Part of that expansion will be looking at the existing Hope Squad at Foxview Intermediate School and expanding it to the middle and high school levels.
He said the district will also look at developing a process around the Columbia-Suicide Severity Rating Scale, which supports suicide risk assessment through a series of simple, plain-language questions anyone can ask.
“It is a process that is used by two of the three medical providers in Brown County and the third is transitioning to it,” Jerry Nicholson said. “Dane County has transitioned to it and many of those school districts are on board.”
He said Allies in Mental Health, a partnership between CESA 6 and CESA 7, will also work with the district to look to enhance work at De Pere High School that focuses on awareness and understanding, character development, empathy, engagement, compassion and other skills students can use to support each other.
De Pere’s grant totals $74,674 for each of the two years.
Jerry Nicholson credited Melanie Brick, social worker, and Kari Stryhn, program support and 4K coordinator, for spearheading this grant.
Green Bay Area Public School District
The Green Bay school district is looking to target specific student populations with the grant funds, which total $75,000 each year.
“We hired a project manager position (last year) called the mental health navigator,” said Katy DeVillers, associate director for pupil services in Green Bay. “She worked with our district in a work group to target two populations, the Somali and Hispanic populations, because we recognized they have barriers to accessing mental health services, understanding it and how they view it culturally."
DeVillers said just under 30 percent of the student body in Green Bay schools is made up of Hispanic students, while she didn’t have numbers for Somali students.
The part-time position works with Casa ALBA and COMSA to connect community agencies that focus on those populations with the district.
While working to grow programs to help those two populations, DeVillers said the part-time staff member will also look to increase referrals to mental health service agencies in the area.
“The plan is to have this seamless pathway of framework so we are consistent in our referrals for students with mental health services,” DeVillers said.
The third area of focus Green Bay will have is on social and emotional learning.
“We recognize that we have the need to provide some instruction to students in the areas of social and emotional learning, so we are looking to identify resources, and identify some schools to start in and have them start and work it into the curriculum.”
Six of the 42 schools in the district have been selected for the upcoming school year.
Howard-Suamico School District
The Howard-Suamico School District will also receive $75,000 each year over two years and will not add staff with the funds.
The district sent an email to The Press Times with what it hopes to accomplish with the grant.

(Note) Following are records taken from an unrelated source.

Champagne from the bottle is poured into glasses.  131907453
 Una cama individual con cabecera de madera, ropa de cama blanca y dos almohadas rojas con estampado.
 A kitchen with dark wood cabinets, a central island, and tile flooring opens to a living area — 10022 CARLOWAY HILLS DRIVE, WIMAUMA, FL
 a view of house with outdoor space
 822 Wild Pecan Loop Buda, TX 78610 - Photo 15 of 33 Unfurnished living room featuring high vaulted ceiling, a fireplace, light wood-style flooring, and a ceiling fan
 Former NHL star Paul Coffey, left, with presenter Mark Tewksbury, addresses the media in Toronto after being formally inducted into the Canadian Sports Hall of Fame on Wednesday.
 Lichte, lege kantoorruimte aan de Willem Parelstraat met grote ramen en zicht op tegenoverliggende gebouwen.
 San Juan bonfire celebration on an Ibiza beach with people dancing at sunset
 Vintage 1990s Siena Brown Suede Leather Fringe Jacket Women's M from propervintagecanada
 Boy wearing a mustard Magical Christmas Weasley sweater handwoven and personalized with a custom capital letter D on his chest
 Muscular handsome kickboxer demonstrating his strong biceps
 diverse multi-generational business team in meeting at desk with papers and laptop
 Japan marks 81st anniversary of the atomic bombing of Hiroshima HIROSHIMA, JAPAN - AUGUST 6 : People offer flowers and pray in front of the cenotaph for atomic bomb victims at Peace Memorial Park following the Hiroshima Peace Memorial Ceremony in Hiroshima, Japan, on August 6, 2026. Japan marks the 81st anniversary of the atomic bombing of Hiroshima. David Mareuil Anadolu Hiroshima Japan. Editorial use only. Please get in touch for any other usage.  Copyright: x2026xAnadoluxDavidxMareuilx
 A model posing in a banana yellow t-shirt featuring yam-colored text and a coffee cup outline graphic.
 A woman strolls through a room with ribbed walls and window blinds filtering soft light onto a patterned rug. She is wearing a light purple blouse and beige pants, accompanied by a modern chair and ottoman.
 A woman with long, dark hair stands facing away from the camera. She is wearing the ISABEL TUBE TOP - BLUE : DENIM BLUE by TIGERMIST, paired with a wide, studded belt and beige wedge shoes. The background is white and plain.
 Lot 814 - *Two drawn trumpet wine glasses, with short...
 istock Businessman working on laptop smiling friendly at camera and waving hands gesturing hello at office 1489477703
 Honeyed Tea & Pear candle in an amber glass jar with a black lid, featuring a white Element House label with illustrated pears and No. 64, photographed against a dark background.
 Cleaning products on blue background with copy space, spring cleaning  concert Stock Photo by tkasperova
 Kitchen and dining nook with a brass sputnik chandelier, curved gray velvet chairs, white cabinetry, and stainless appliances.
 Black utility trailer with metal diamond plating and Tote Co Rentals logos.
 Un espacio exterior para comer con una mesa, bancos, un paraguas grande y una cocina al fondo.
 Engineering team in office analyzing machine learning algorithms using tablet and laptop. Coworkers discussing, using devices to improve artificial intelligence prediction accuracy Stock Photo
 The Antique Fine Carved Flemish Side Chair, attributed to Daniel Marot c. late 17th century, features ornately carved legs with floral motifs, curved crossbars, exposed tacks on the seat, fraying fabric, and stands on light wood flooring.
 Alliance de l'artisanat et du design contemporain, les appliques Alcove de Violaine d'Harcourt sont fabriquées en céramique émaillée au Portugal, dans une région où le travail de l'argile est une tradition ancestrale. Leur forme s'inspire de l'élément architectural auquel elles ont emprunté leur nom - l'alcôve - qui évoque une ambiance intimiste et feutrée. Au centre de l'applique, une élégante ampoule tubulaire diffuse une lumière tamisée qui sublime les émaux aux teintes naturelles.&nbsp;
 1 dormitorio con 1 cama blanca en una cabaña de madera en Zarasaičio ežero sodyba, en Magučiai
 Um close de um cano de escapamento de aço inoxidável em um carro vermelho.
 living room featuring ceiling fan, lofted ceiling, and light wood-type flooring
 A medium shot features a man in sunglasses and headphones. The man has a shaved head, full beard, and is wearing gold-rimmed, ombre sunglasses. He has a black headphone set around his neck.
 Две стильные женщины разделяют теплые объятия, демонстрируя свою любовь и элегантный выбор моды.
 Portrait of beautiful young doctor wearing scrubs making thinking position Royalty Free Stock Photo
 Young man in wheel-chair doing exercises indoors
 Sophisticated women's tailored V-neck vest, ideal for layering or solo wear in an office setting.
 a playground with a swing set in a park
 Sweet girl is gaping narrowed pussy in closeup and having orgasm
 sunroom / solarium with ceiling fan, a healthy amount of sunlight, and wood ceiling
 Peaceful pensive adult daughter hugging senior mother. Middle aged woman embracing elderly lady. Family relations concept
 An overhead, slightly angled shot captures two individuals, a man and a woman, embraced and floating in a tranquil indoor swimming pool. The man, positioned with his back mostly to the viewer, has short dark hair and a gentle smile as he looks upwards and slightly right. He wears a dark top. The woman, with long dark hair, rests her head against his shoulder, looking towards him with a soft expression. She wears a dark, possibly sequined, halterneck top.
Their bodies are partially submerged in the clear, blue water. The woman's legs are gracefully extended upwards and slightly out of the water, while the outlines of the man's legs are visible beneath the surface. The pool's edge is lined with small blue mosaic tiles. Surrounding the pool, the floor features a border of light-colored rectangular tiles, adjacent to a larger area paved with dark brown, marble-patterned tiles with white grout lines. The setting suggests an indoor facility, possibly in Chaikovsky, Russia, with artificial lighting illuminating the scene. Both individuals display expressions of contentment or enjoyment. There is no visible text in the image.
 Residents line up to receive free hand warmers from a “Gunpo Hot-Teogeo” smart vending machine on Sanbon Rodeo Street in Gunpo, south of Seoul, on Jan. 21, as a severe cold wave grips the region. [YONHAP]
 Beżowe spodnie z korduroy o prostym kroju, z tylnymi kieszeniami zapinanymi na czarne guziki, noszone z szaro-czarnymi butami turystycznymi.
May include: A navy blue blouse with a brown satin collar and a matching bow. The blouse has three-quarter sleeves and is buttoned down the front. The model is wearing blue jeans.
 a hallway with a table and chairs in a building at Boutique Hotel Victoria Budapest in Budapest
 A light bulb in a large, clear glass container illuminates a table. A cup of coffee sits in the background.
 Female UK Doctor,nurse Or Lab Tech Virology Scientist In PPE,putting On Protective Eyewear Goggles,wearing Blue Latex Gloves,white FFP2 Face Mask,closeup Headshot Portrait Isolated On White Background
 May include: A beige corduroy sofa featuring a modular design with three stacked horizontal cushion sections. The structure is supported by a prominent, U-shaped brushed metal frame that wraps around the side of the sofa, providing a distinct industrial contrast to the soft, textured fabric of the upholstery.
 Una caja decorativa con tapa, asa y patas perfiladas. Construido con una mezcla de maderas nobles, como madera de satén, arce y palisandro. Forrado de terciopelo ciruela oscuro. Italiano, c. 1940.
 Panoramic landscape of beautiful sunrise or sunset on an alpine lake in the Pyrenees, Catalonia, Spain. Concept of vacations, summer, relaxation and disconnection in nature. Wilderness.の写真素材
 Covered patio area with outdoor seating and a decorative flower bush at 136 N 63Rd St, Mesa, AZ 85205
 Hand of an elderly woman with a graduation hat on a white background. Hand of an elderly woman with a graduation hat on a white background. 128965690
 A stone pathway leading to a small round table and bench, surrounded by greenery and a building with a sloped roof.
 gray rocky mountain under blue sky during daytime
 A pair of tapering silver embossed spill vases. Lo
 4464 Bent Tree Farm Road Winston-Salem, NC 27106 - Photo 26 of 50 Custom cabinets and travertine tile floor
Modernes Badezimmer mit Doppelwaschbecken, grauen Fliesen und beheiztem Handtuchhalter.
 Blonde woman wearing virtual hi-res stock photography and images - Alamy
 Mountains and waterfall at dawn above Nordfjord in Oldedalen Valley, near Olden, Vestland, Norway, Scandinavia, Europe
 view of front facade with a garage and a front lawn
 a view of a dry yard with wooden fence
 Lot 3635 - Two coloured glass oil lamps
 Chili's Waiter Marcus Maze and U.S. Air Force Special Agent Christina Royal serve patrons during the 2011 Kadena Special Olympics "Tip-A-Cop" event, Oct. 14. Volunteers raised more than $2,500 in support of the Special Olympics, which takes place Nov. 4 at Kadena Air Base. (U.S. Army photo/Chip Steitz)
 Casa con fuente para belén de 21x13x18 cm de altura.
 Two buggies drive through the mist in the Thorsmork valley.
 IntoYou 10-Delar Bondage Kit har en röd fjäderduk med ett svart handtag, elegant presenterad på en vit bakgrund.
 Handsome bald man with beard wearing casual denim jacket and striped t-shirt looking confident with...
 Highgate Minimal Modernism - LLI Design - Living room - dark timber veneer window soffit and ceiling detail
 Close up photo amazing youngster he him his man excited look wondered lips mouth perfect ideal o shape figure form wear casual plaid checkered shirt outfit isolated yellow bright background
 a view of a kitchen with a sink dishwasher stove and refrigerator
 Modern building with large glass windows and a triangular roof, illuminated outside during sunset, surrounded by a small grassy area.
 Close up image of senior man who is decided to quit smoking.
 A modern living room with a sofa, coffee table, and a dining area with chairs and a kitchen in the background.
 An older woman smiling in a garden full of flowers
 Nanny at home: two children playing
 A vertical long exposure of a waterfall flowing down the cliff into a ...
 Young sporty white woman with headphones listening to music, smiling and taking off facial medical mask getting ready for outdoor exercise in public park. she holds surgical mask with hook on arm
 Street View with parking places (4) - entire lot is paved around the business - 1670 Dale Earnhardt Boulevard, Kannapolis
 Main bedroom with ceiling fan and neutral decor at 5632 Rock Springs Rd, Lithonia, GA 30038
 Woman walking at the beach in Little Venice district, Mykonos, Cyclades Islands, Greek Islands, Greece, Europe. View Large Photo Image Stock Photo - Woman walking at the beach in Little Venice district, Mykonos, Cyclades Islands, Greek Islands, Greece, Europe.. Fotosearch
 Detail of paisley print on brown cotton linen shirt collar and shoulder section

It plans to:
• Focus on social and emotional education at all grade levels to meet the needs of all students through universal and targeted instruction.
• Strengthen current school-based mental health framework through the use of student data, coaching and program assessment.
• Partner with community mental health providers to strengthen understanding of student mental health needs, screening, referral pathways and current school-based mental health programs.
• Through all of this, building adult capacity to support the whole child and understand their role in the social and emotional wellness of students.
From there it will use a data-driven method of decision making to guide practices and implementation of a strong social and emotional framework for all students.
The district plans to connect and strengthen the district-wide school mental health framework to ensure the needs of all students are being addressed, and work on a consistent process for accessing services at all levels.
That includes two years with Allies in Mental Health, like the De Pere school district.
Finally, evidenced-based, universal social and emotional curriculum will be provided to all schools to support the needs of students at all levels.